SAN DIEGO -- Jack Kemp has taken a dive on the issues of immigration and affirmative action to put himself in line with the views of Republican presidential nominee Bob Dole and the party platform.
It was probably a mistake, both in the short run and over the long haul. George Bush never escaped entirely the reputation he acquired in 1980 when he became an overnight and ardent opponent of abortion rights to make himself a comfortable vice presidential nominee for Ronald Reagan.
In this case, the conversion is even more dramatic. Mr. Kemp not only supported affirmative action and opposed immigration restrictions but did so aggressively in the face of a strong body of contrary opinion among Republican conservatives.
But the notion that it was necessary to make the reversal and put it behind him -- the strategic thinking in this case -- is probably mistaken. Mr. Kemp could have gotten away with saying that sure, he disagreed with Mr. Dole on some issues but that he also agreed the policy for the party would be set by the presidential candidate, whether or not he agreed with it in all particulars.
Indeed, given the skepticism and often cynicism with which voters view politicians today, that kind of candor might be a valuable credential with Americans trying to find something new and refreshing on this Republican ticket.
It also should be noted that these are issues on which there is significant minority opinion. Although most Americans may be unwilling to offer special treatment to blacks these days, affirmative action is still necessary to and prized by working women in many economic situations.
Similarly, although immigration policy may be a hot-button issue in some states, it is not a highly volatile question everywhere.
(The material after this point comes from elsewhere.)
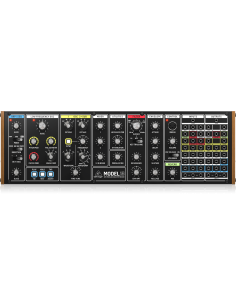 BEHRINGER MODEL 15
The irony in all this is that neither immigration nor affirmative action is an issue Bob Dole ever assigned a high priority. On the contrary, as Republican leader in the Senate Mr. Dole distinguished himself as a leader seeking practical solutions to problems and only perfunctorily involved in ideological questions.
That has always been the dirty little secret about Bob Dole throughout his campaign for the presidential nomination. He is conservative but also someone who believes that government has legitimate functions to perform even if not as many functions as the Democrats might prefer.
The most serious disagreement of Messrs. Dole and Kemp over the years has been on their approaches to economic policy, the one issue that has consumed Mr. Kemp all along. He has been a devout supply-sider convinced that the nation can grow itself out of its deficit with tax cuts; Mr. Dole has always been just as convinced that the deficit should be given the first priority and clearly skeptical about supply-side theory.
In this case, it is Mr. Dole who has accommodated himself. Even before he had settled on Jack Kemp as his running mate, the Republican nominee bought into the 15 percent across-the-board tax reduction and the theory that this would increase revenue enough so that dollar-for-dollar spending cuts were not required.
This is the core of the problem for the Republican ticket being crowned here -- that both candidates are, in varying degrees, bending themselves out of shape to accommodate either extremists within their party or someone's reading of the public opinion polls.
This has been true of Bob Dole throughout his almost two years of pursuing the nomination. Through much of 1995 he seemed to be responding to the threat posed by Sen. Phil Gramm of Texas, a threat that proved to be essentially empty as Mr. Gramm collapsed in one caucus or primary after another.
Then, in the final stages, Mr. Dole seemed to be trying to placate the supporters of Patrick J. Buchanan, although Mr. Buchanan was never a serious possibility for the nomination, and the fundamentalists of the religious right represented most obviously the Christian Coalition. The latter was clear even last week as Mr. Dole agreed to a platform that didn't even include his promised plank on tolerance of other views on abortion rights.
No one expects politicians to be totally consistent. Circumstances change, and they have a right to change their minds. But Jack Kemp should understand that positions that appear contrived for the politics of the moment are founded on sand.
Jack W. Germond and Jules Witcover report from The Sun's Washington bureau.